IBM Raises The Curtain A Little On Future Power Processors
November 13, 2024 Timothy Prickett Morgan
We commented back in August when the Hot Chips 2024 conference was underway at Stanford University that it was odd that IBM did reveal some of the speeds and feeds of the Power11 processor that we all know is coming in 2025. And when the TechXchange 2024 partner event was held in Las Vegas a few weeks ago, we were pretty sure that IBM was working on some sort of accelerated system for GenAI applications and a week later we remembered that the obvious pairing was a Power System host with scads of IBM’s own “Spyre” AI accelerators running WatsonX models or other open source ones like the Llama family from Meta Platforms.
This, we cleverly thought, was what Big Blue talked to partners about in secrecy at TechXchange, and we figured any revelations about the Power11 processor would come in the new year.
Nope. It’s happening today, and we are getting a lot of the information that IBM disclosed under embargo to partners and customers.
And the reason is simple: Power11 may not be what many people are expecting.

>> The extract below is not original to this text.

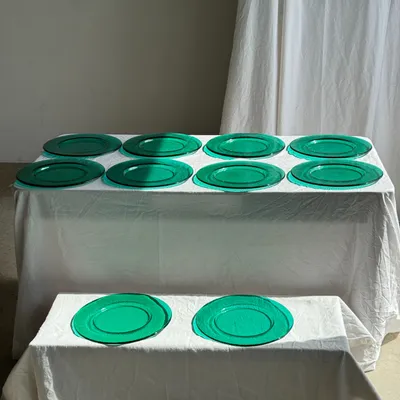 Formal plates - Set of 10 large green blown glass presentation plates - OFFICE OBJETS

It is not going to use a chiplet architecture but rather lay the foundation for one that will be used in the Power Next processor, presumably to be called the Power12. But having said that, the Power11 that is going to be delivered at the beginning of the third quarter of 2025 is precisely where IBM would have gone to by that time – and despite the difficulties and delays that were mostly due to GlobalFoundries failing to deliver on its 10 nanometer and 7 nanometer manufacturing processes, which forced IBM to partner with Samsung to deliver a very different Power10 than was originally planned. And, as it turns out, one that was better suited to its actual AIX and IBM i customers and one that did not reflect an IBM trying to chase the X86 and Arm server CPU makers in their mad dash to add an increasingly large number of cores to a server CPU socket for the HPC and then AI markets.

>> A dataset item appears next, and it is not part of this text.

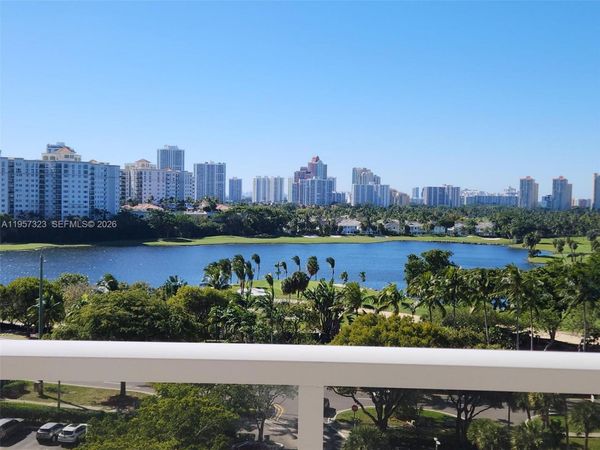 3701 N Country Club Dr, Unit 1004, Aventura, FL 33180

We went over all of the roadmap changes in detail back in June 2021 when IBM sued GlobalFoundries for not making good on its promises. This was after IBM had amassed a sufficient supply of the Power9 processors etched with its 14 nanometer processes, which Big Blue helped GlobalFoundries perfect and bring to market. A roadmap refresher is in order so you have a baseline against which to measure Power11 and Power12: This was the plan, we think, when IBM and GlobalFoundries decided to skip 10 nanometers and jump to 7 nanometers. As you can see, Power10 was essentially two Power9 chips with microarchitecture changes and a process shrink. When that all fell apart, and IBM walked away from the traditional supercomputer business and support for NVLink memory coherence to Nvidia GPUs – we think Nvidia had its own Arm server chip aspirations and probably wanted a fortune to license NVLink, but that is a guess – then it decided to use the time to create a Power10 chip that was much better suited to its enterprise customers and their significant but not insane AI processing needs.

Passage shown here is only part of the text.